A photo of the mural makes its way onto the Magic: The Gathering subreddit, albeit with a twist: It was clearly taken during a protest, with signs and flags framing it, which leads a moderator to step in and request that users avoid discussing politics. “Let’s just appreciate the picture,” they say.
“Considering the picture, this is a crazy ask,” one user replies.
Even with fascism almost literally knocking at the front door, some will prioritize the longstanding gaming culture tradition of sticking their fingers in their ears and ignoring inconvenient politics.
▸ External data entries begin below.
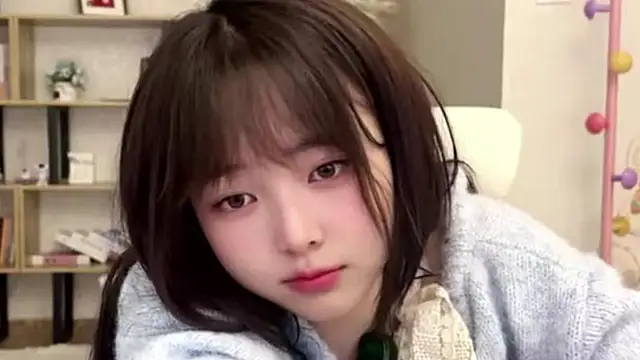 Chenjing0 online show from 04-18-26, 01:35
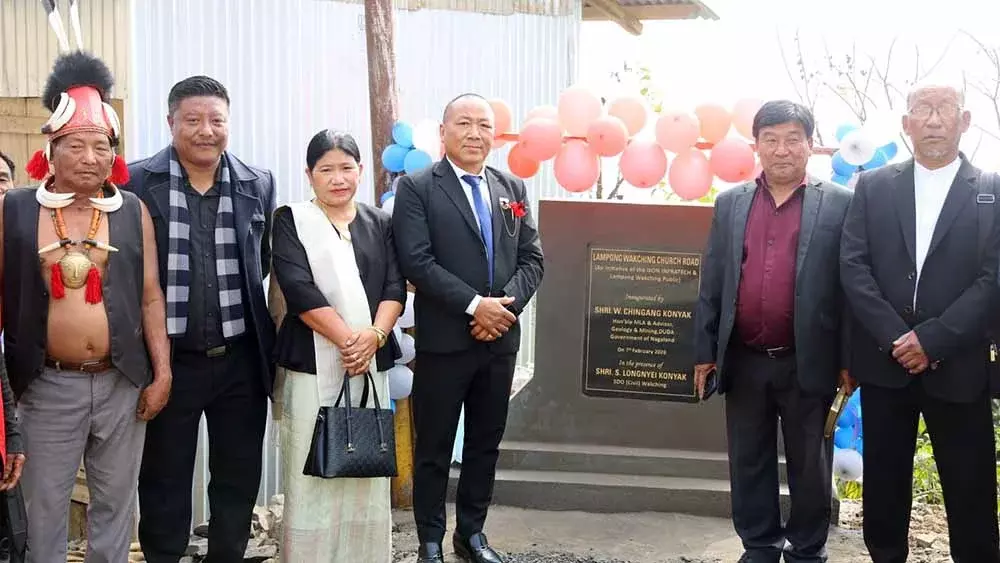 Nagaland : चिंगांग कोन्याक ने लैम्पोंग वाकचिंग चर्च रोड का उद्घाटन किया Nagaland : चिंगांग कोन्याक ने लैम्पोंग वाकचिंग चर्च रोड का उद्घाटन किया
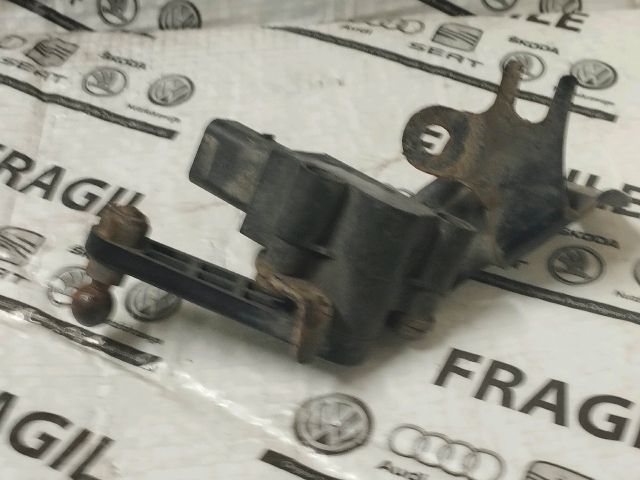 bontott AUDI A5 Hátsó Xenon Szintszabályzó Jeladó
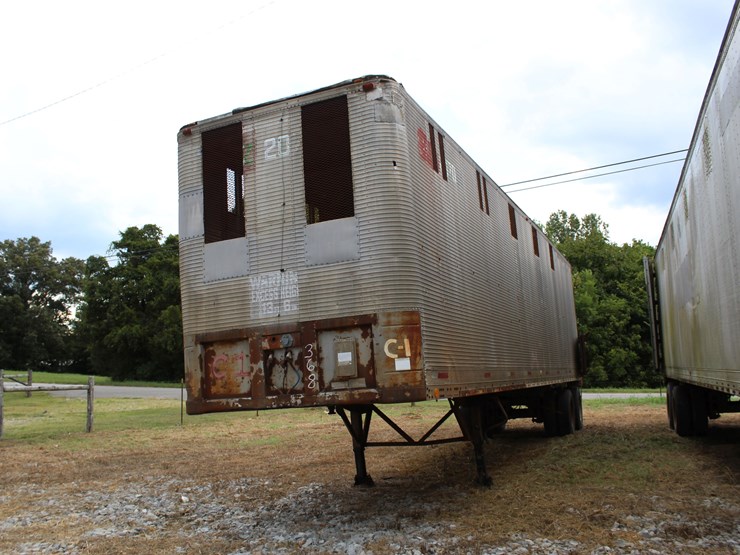 1975-fruehauf-trailer-image-1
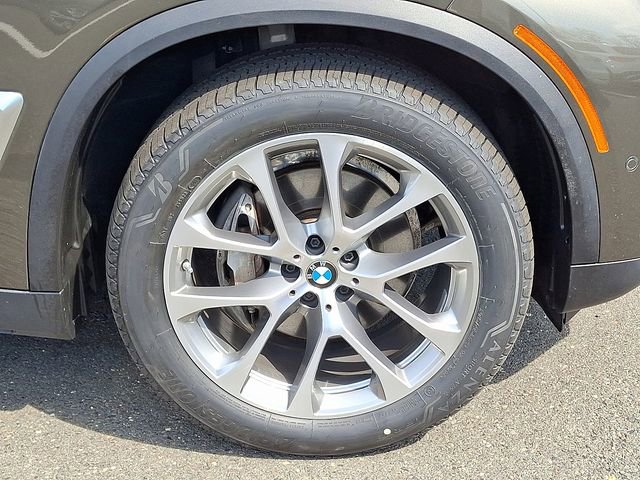 Used 2024 BMW X5 xDrive40i w/ Premium Package image 8
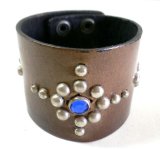 画像: 牛革スタッズレザーブレス　ブルーキュービック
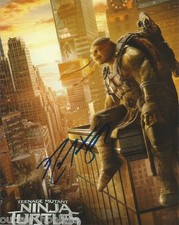 Noel Fisher Teenage Mutant Ninja Turtles Autographed Signed 8x10 Photo COA #1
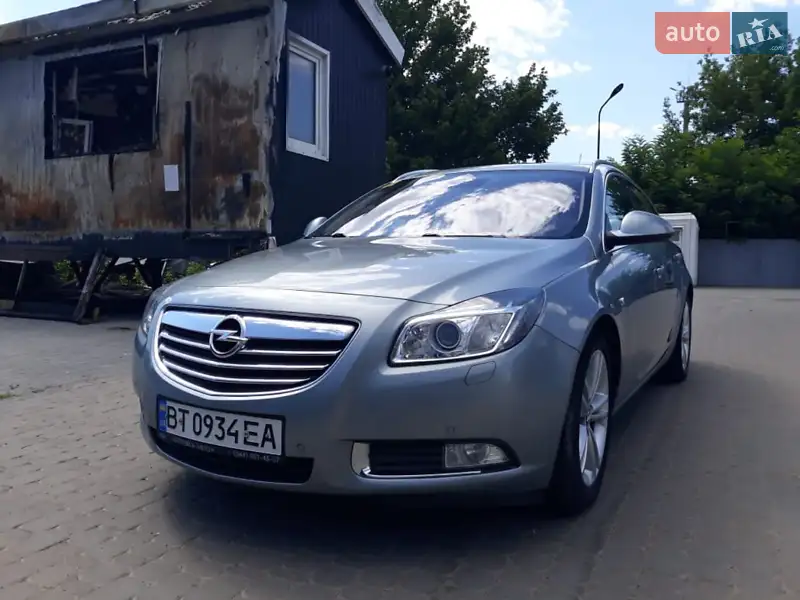 2012 opel insignia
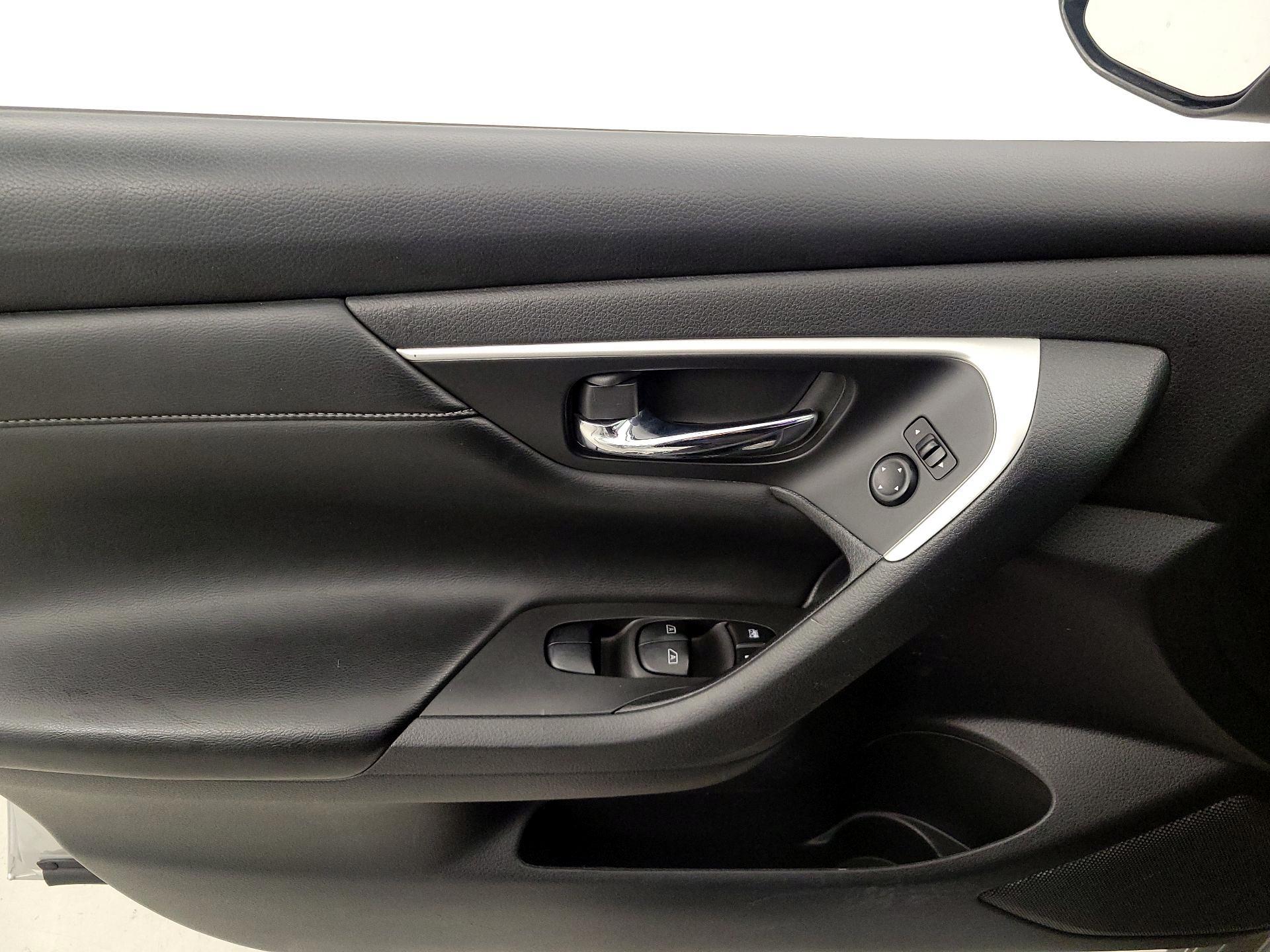 Thumbnail: 2016 Nissan Altima - 12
It is a tendency born first and foremost of propaganda and privilege, but Ben Myres – the creative director of Relooted, a game about reclaiming African artifacts from Western museums that got announced during SGF and that’s getting lambasted online by all the usual suspects – has an additional explanation for the social consciousness divide between some game developers and some of the people who play games.
“To make a game… you have to be deeply empathetic, almost by default, because you're making something for someone else to experience,” he says. “But on the player side, you're used to being centered in the game. You become the center of that experience. So I think it changes something in your head: The entitlement manifests to such an extent because that's your default. The developers are used to creating something for someone else, while some people who play games are used to everything being about them."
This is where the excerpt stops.